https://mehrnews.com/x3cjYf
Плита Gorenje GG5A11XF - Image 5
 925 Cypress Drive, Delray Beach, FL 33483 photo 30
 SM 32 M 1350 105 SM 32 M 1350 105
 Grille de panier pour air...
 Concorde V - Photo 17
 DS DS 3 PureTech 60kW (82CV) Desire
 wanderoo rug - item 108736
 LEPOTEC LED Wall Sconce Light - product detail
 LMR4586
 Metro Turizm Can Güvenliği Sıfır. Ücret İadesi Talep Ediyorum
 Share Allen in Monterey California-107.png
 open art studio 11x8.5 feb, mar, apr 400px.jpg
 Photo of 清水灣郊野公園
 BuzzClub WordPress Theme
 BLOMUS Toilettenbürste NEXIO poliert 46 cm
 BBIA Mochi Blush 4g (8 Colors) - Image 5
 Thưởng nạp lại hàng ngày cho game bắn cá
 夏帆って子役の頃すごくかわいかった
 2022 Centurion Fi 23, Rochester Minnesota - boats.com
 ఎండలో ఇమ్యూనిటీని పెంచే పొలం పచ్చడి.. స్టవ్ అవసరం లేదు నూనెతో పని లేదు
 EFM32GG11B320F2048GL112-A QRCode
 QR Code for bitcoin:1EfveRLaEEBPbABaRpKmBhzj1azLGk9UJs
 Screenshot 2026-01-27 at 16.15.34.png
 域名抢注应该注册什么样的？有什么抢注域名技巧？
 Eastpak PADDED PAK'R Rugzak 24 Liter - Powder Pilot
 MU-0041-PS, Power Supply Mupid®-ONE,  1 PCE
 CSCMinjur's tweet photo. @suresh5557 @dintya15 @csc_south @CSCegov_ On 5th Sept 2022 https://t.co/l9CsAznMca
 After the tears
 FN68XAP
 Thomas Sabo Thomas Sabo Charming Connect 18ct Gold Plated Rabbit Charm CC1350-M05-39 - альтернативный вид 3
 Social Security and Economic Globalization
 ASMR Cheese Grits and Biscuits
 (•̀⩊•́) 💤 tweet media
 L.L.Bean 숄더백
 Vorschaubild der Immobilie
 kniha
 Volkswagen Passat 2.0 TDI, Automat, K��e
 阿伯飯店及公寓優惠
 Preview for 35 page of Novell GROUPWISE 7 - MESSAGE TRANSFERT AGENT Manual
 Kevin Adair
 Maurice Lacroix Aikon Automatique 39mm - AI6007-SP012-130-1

What is being asked:
From the first line to the last, return the records unchanged.

Answer below:
https://mehrnews.com/x3cjYf
Плита Gorenje GG5A11XF - Image 5
 925 Cypress Drive, Delray Beach, FL 33483 photo 30
 SM 32 M 1350 105 SM 32 M 1350 105
 Grille de panier pour air...
 Concorde V - Photo 17
 DS DS 3 PureTech 60kW (82CV) Desire
 wanderoo rug - item 108736
 LEPOTEC LED Wall Sconce Light - product detail
 LMR4586
 Metro Turizm Can Güvenliği Sıfır. Ücret İadesi Talep Ediyorum
 Share Allen in Monterey California-107.png
 open art studio 11x8.5 feb, mar, apr 400px.jpg
 Photo of 清水灣郊野公園
 BuzzClub WordPress Theme
 BLOMUS Toilettenbürste NEXIO poliert 46 cm
 BBIA Mochi Blush 4g (8 Colors) - Image 5
 Thưởng nạp lại hàng ngày cho game bắn cá
 夏帆って子役の頃すごくかわいかった
 2022 Centurion Fi 23, Rochester Minnesota - boats.com
 ఎండలో ఇమ్యూనిటీని పెంచే పొలం పచ్చడి.. స్టవ్ అవసరం లేదు నూనెతో పని లేదు
 EFM32GG11B320F2048GL112-A QRCode
 QR Code for bitcoin:1EfveRLaEEBPbABaRpKmBhzj1azLGk9UJs
 Screenshot 2026-01-27 at 16.15.34.png
 域名抢注应该注册什么样的？有什么抢注域名技巧？
 Eastpak PADDED PAK'R Rugzak 24 Liter - Powder Pilot
 MU-0041-PS, Power Supply Mupid®-ONE,  1 PCE
 CSCMinjur's tweet photo. @suresh5557 @dintya15 @csc_south @CSCegov_ On 5th Sept 2022 https://t.co/l9CsAznMca
 After the tears
 FN68XAP
 Thomas Sabo Thomas Sabo Charming Connect 18ct Gold Plated Rabbit Charm CC1350-M05-39 - альтернативный вид 3
 Social Security and Economic Globalization
 ASMR Cheese Grits and Biscuits
 (•̀⩊•́) 💤 tweet media
 L.L.Bean 숄더백
 Vorschaubild der Immobilie
 kniha
 Volkswagen Passat 2.0 TDI, Automat, K��e
 阿伯飯店及公寓優惠
 Preview for 35 page of Novell GROUPWISE 7 - MESSAGE TRANSFERT AGENT Manual
 Kevin Adair
 Maurice Lacroix Aikon Automatique 39mm - AI6007-SP012-130-1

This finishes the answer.